I’ve just spent three days at the Barbican enjoying the inaugural Leading Design Conference. Having being promoted the role of Head of Design fairly recently, I found the vast majority of the talks and both workshops extremely poignant.
This was also the sense I got from my fellow attendees. Chatting with people over lunch, or a beer later on, I was struck by just how many “Yeah, me too!” moments we had. It turns out that leading design is hard, but I’m reassured to know that people have the same problems as me.

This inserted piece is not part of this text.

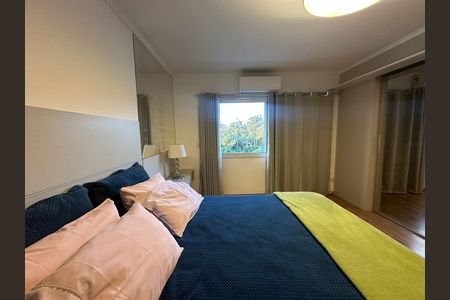 Casa de condomínio para alugar com 330m², 4 quartos e 2 vagasSuíte 4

I was further reassured at the common themes that emerged over the event. It means we’re all on similar pages (or, at least we’re all reading the same book), and in an attempt to sift through those bits of knowledge that really spoke to me, here’s my top (sometimes badly paraphrased) common threads from the last three days. This is far-from all the messages that spoke to me, but this is the stuff that will have most immediate impact on my work:
Scott Berkun’s talk Design vs. The World started the conference on the right note with a big picture view of what it means to do design in the real world, and how it isn’t just pushing pixels around a screen. It got me thinking about my role, and how its increasingly solving problems that aren’t related to UI design, or writing CSS.
Later, during the Q&A session with Julia Whitney (BBC), Danny Hearn and Mark Boulton (Monotype), it was said (with perhaps a hint of lamentation) that we’re no longer doing design at the coal-face, rather it’s our job to design the design experience: The environments and culture in which our teams works, and the processes they lean-on to get their work done.
This really struck a chord with me.
Resistance is futile
Someone (I’m sorry I can’t remember who) included a slide of Locutus of Borg, simultaneously making the point about assimilating into other team’s cultures, and scoring points with me for a Star Trek reference.
In her talk New on the Job: Your First 90 Days in a Design Leadership Role Andrea Mignolo talked about the “layer cake”, a delicious way to visualise the hierarchy in your company. She argued that you had to design the experience for each layer, to talk about design in the language of your audience.
Catherine Courage said “Strive for shared empathy”, the points in the middle where you can meet and talk design in a way thats understandable by even the most numbers-driven business development manager.
In both her talk and brilliant workshop Gail Swanson taught us about presenting to decision makers. We used mapping techniques to better understand the drivers for those people from whom we seek approval. This is definitely a technique I’ll try at Firefly, to be able to frame an argument in a way that already fits in with the pressures and priorities of others is incredibly powerful.
How do we quantify the value of design? Its difficult to ask quantitative questions when you’re dealing with solving problems on an emotional level. How would you measure a target like “Users feel 9% more engaged this quarter”? We don’t have the tools to measure qualitative data like this. And yet, this is the stuff that really adds value.
Nathan Shedroff’s talk Using the Waveline: Mapping Premium Value to the User Journey (a new tool for planning deeper customer experiences) detailed how to start to measure the emotional impact over time that your product or service has, and how this can be designed for maximum empathy.
If you’re at all involved in designing anything for anyone (I would argue that’s everyone), then I’d recommend further reading into Nathan’s Waveline theories. It’s certainly something I’ll investigate further.
A quick note on the conference itself
Leading Design was perhaps the most useful, insightful and timely conference I’ve ever attended. Huge thanks to Andy Budd et al for doing such a great job, and spotting the need for this event. You asked if we wanted another in 2017, its a resounding “yes” from me.
The last thing I want to mention was the venue. I jumped a the chance for a tour of the Barbican during the lunch break the second day. If you’re a fan of brutalist architecture then this site is must-see. It was the perfect venue for a fantastic three days of conference.